*EXERCISE REQUIREMENTS*
Would you please transcribe the data in full and exactly, excluding images?

** SUPPLIED INFORMATION follows **

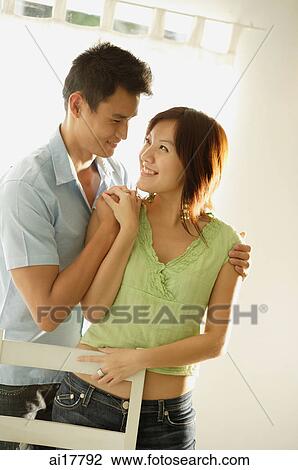 Couple standing together View Large Photo Image Stock Image - Couple standing together . Fotosearch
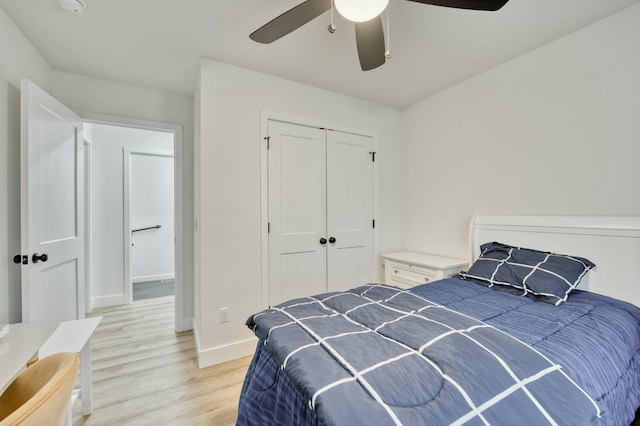 bedroom featuring a ceiling fan, light wood-type flooring, a closet, and baseboards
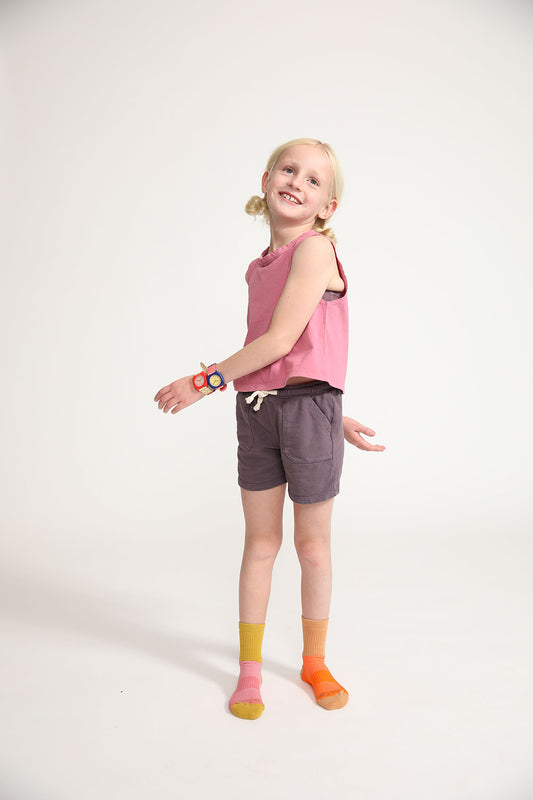 Young girl wearing Everyway kids activewear. Featuring Daily Tank Top in Dusty Rose.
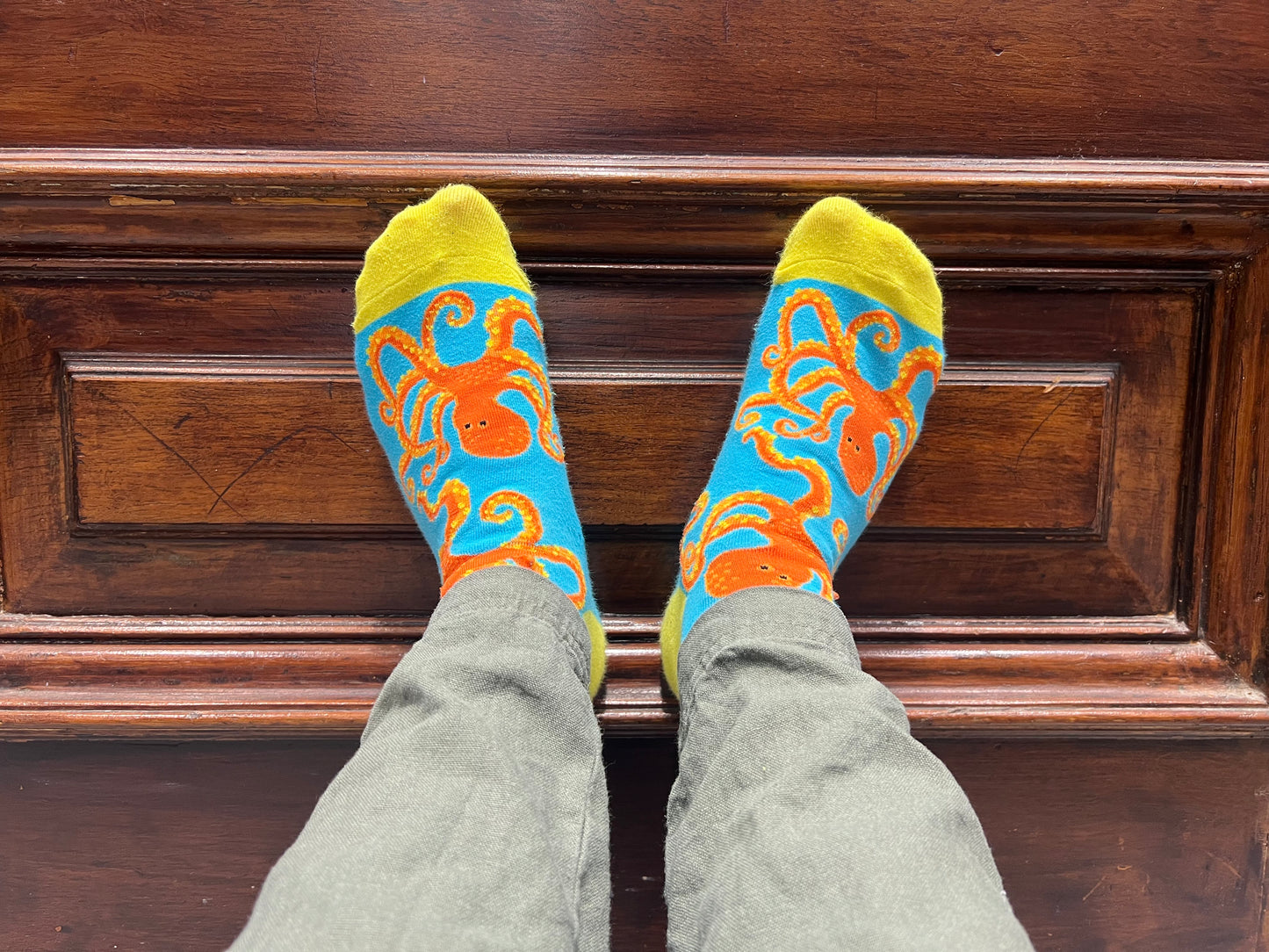 Jamie wearing a pair of Captain Soctopus socks. 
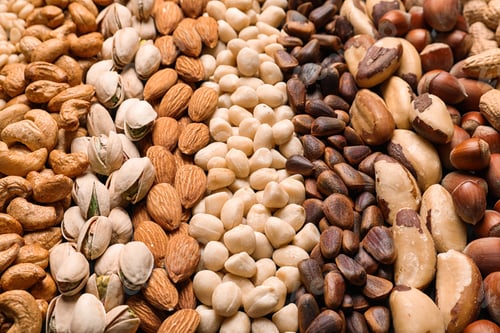 Preview: Organic mixed nuts as background, closeup. Healthy snack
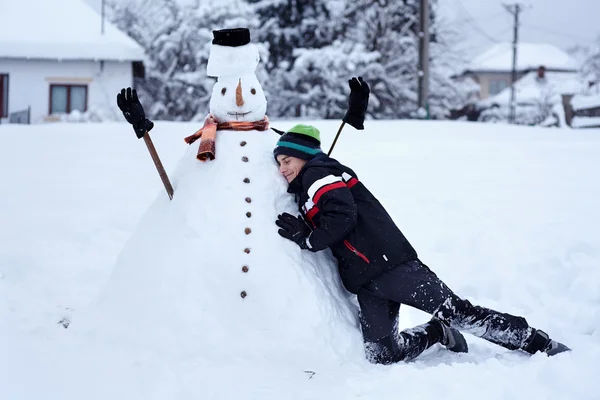 Adolescente construindo um boneco de neve — Fotografia de Stock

** End of SUPPLIED INFORMATION **

*RESPONSE*
 Couple standing together View Large Photo Image Stock Image - Couple standing together . Fotosearch
 bedroom featuring a ceiling fan, light wood-type flooring, a closet, and baseboards
 Young girl wearing Everyway kids activewear. Featuring Daily Tank Top in Dusty Rose.
 Jamie wearing a pair of Captain Soctopus socks. 
 Preview: Organic mixed nuts as background, closeup. Healthy snack
 Adolescente construindo um boneco de neve — Fotografia de Stock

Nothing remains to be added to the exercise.